Sahu Shanti Prasad Jain was an Indian industrialist and philanthropist. He was the son-in-law of Ramkrishna Dalmia and former chairman of Bennett, Coleman. His family, Sahu Jains, owns the Times of India newspaper group.

==Early age and education==
He was born in the Sahu Jain Family at Najibabad in what is now Uttar Pradesh on 22 May 1911.

==Career==
He founded Bharatiya Jnanpith on 18 February 1944 at the suggestion of many scholars who had gathered at Varanasi for the All India Oriental Conference. Since 1965 Bharatiya Jnanpith has been awarding an annual literary award, the Jnanpith Award, for the best creative Indian literary work of a specified period.

===Bennett Coleman===
In 1947, Ramkrishna Dalmia engineered the acquisition of Bennett, Coleman by transferring moneys from a bank and an insurance company of which he was the Chairman. In 1955, this came to the attention of the socialist parliamentarian Feroze Gandhi who was part of the ruling Congress party headed by his estranged father-in-law Jawaharlal Nehru. In December 1955, he raised the matter in parliament, documenting extensively the various fund transfers and intermediaries through which the acquisition had been financed. The case was investigated by the Vivian Bose Commission of Inquiry.
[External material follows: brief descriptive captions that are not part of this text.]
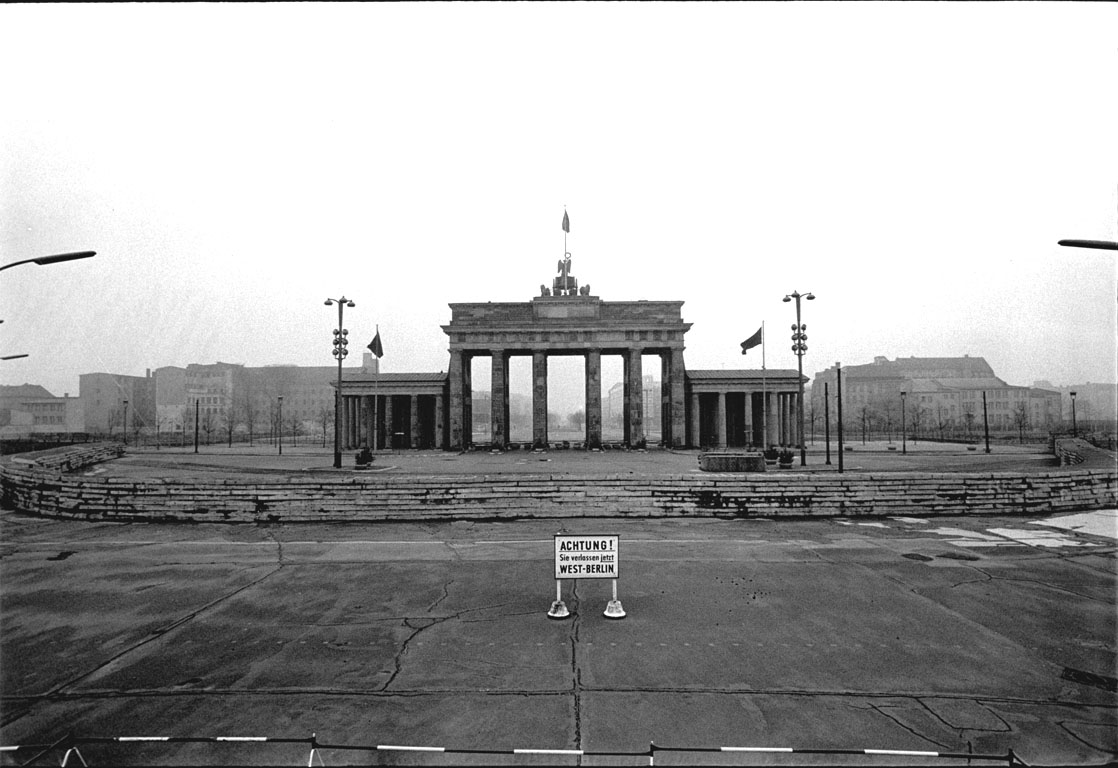 Ubrandenburg Gate SF.jpg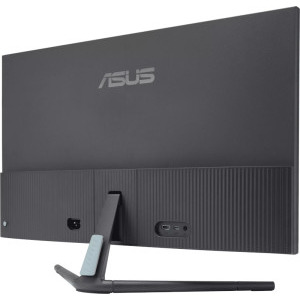 ASUS VU279CFE-B 27 inch FHD IPS 1 ms 100 Hz USB-C
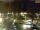 Webcam in Pátzcuaro, 86.7 mi away
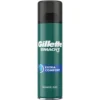 Gillette Mach3 Extra Comfort żel do golenia 200ml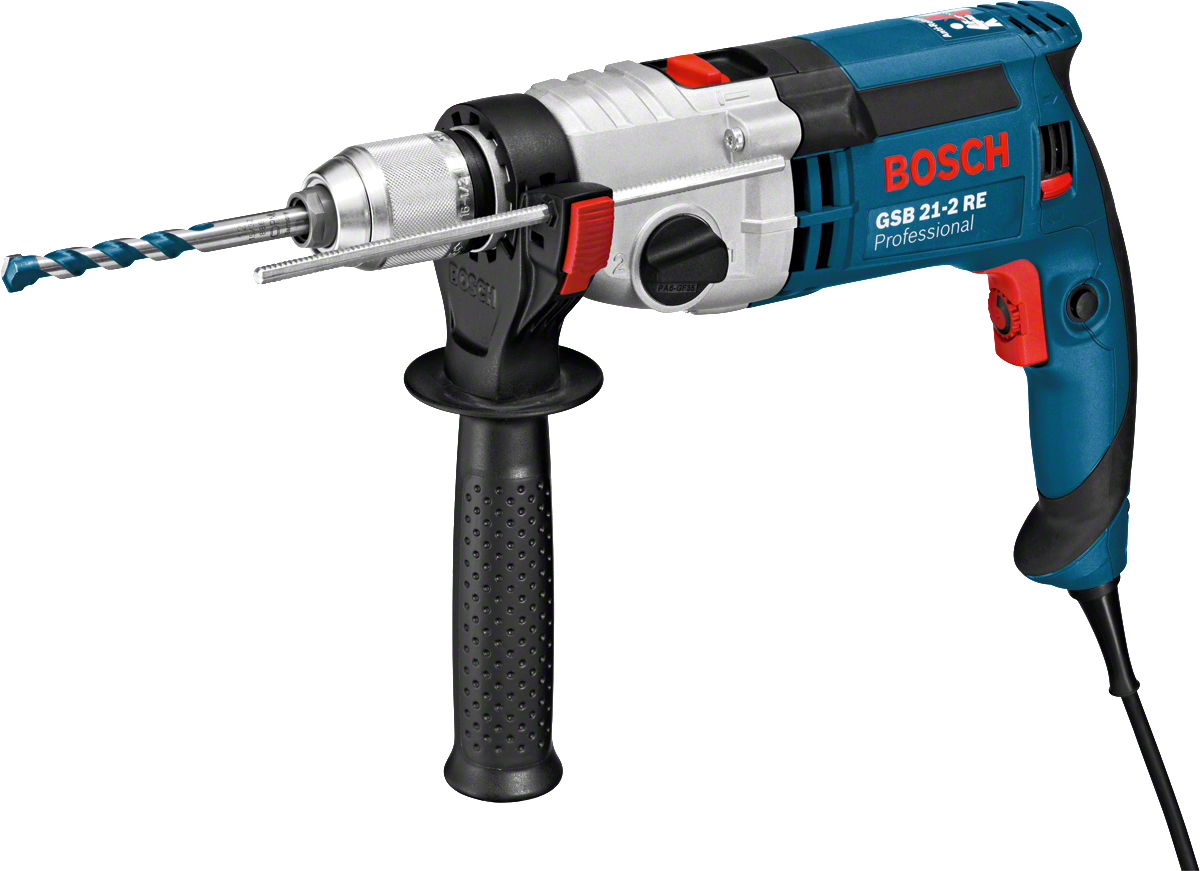 Product - Hand Drilling Machine Bosch (1200x871)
In the court case that followed, where Dalmia was represented by the leading British attorney Sir Dingle Mackintosh Foot, he was sentenced to two years in Tihar Jail. Upon his release, Ramkrishna approached his son-in-law Sahu Shanti Prasad Jain to whom he had entrusted running of Bennett, Coleman & Co. Ltd for taking back the command. But Sahu rebuffed Ramkrishna's efforts to resume command of the company.

==FERA violation charges==
During Nehru's regime, the trade with other countries and the foreign currencies were strictly regulated. Jain was caught, and subsequently arrested, at Palam airport (in latter day Delhi) for bringing in foreign currency. The event was blacked out by the Times of India, even though other newspapers carried the story.

==Legacy==
He died on 27 October 1977, two years after the death of his wife. His work was continued by his brother Shreyans Prasad Jain and his son Ashok Kumar Jain. Today, the Times Group that runs Bennett, Coleman & Co. Ltd. is a large media empire, and is managed by his descendants.